Spiel, Satz, Sternstunde (Spiegel Online)

 

"Sensationell", "epochal" - kein Superlativ kann die Dramatik des Wimbledon-Finales zwischen Roger Federer und Rafael Nadal beschreiben. Ob Becker oder Borg - selbst ehemaligen Tennis-Größen fehlten nach diesem Match die Worte.

 

 

 

Nadal stürzt Federer vom Thron (Espace)

 

Roger Federer hat sein Reich mit grossem Herzblut verteidigt. Doch nach dem vierten Matchball Rafael Nadals musste er sich geschlagen geben. Der Spanier triumphierte in 288 Minuten 6:4, 6:4, 6:7 (5:7), 6:7 (8:10), 9:7.

 

Besser, spannender, faszinierender kann Tennis nicht sein. Der Wimbledon-Final zwischen Roger Federer, der Nummer 1, und Rafael Nadal, der Nummer 2, enthielt alles, was sich Anhänger dieses Sports wünschen können. Alles – und noch viel mehr. Keiner der beiden Exponenten hatte es nach einem fast fünfstündigen, zweimal wegen Regens unterbrochenem Schlagabtausch auf allerhöchstem Niveau verdient, als Verlierer den Court zu verlassen. Doch Tennis ist nicht Fussball, es gibt kein Unentschieden. Und diesmal heisst der Verlierer Federer. Der Titelverteidiger unterlag seinem grossen Rivalen in einem Thriller 4:6, 4:6, 7:6 (7:5), 7:6 (10:8), 7:9.

 

 

 

Das war ganz grosser Sport (RP Online)

 

Als Rafael Nadal um 22.16 Uhr deutscher Zeit auf dem heiligen Rasen in Wimbledon zu Boden sank, stand der Centre Court schon lange Kopf. Der Spanier hat das wohl beste Finale aller Zeiten mit seinem ersten Titel bei den All England Championships gekrönt. Nach 4:48 dramatischen Stunden bezwang der Sandplatz-Spezialist den bis dato alleinigen Rasen-Herrscher Roger Federer. Ein Spiel für die Geschichtsbücher.

 

Das dritte Finale der beiden Kontrahenten in Serie bot alles, was den Tennissport ausmacht.
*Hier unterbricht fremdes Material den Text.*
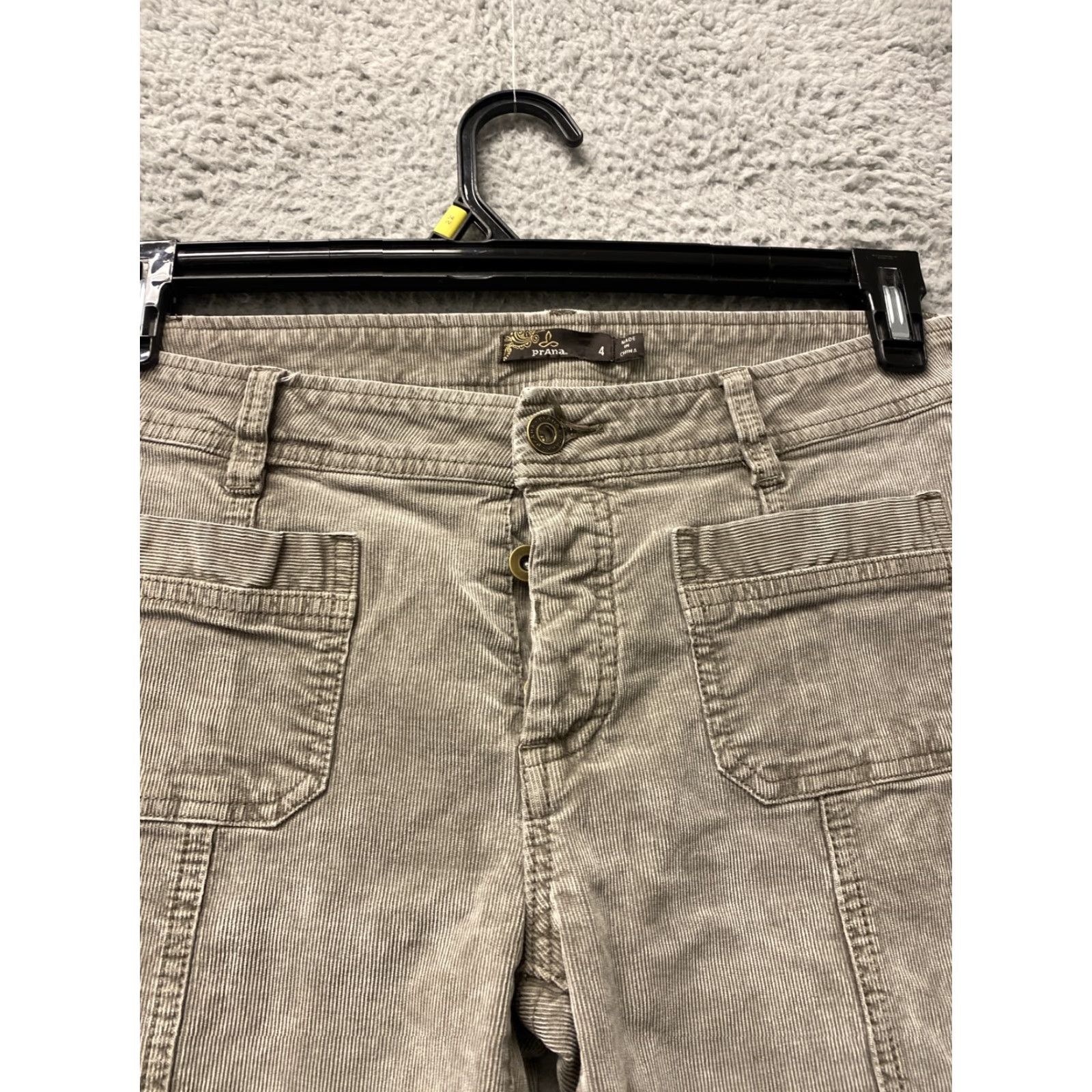 Prana prAna Pants Women's Size 4 Gray Corduroy Casual Stretch Pockets Regular Fit Size 27" / US 4 / IT 40 - 2 Thumbnail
Nadal, das Laufwunder von der Ferieninsel Mallorca, gegen Federer, den kühlen Schweizer, der seine Spielzüge punktgenau im Voraus plant und nichts dem Zufall überlässt.

 

Auf der einen Seite ein spanischer Stier, der keinen Ball verloren gibt und auch aus aussichtslosen Situationen das beste macht. Auf der anderen der Weltranglistenerste, der seit 65 Partien auf Rasen ungeschlagen ist und stets den Angriff ans Netz sucht. Wie Boris Becker zu seinen besten Wimbledon-Zeiten.

 

 

 

Ein denkwürdiges Finale (der Standard)

 

Das längste Endspiel der Wimbledon-Geschichte bot Spannung, Klasse und Dramatik - Ein entfesselter Nadal entthronte einen großartig kämpfenden Federer.

 

Sie sind erst 22 und 26 Jahre alt, haben aber spätestens am Sonntag in ihrem 18. Duell endgültig Tennis-Geschichte geschrieben. Rafael Nadal und Roger Federer lieferten einander beim traditionsreichsten Tennisturnier der Welt in Wimbledon ein Finalmatch, das ein Drehbuch-Autor besser nicht schreiben hätte können. Schließlich blieb es dem um vier Jahre jüngeren Spanier vorbehalten, den wie er selber sagte "besten Spieler aller Zeiten" 6:4,6:4,6:7(5),6:7(8),9:7 zu besiegen.

 

 

 

Nadal stürzt King Roger vom Thron (Blick Online)

 

Roger Federer kassiert die erste Niederlage nach 65 Rasensiegen in Folge. In einem unglaublichen Final unterliegt er Rafael Nadal in Wimbledon mit 4:6, 4:6, 7:6 (7:5), 7:6 (10:8) und 7:9.

 

Sowohl Federer als auch Nadal begannen die Partie auf höchstem Niveau. Beide zeigten ihr bestes Tennis und unterhielten die Zuschauer vorzüglich. Es sollte sich eine denkwürdige Partie entwickeln, mit unglaublichen Ballwechseln. Dieser Fight war nichts für schwache Nerven.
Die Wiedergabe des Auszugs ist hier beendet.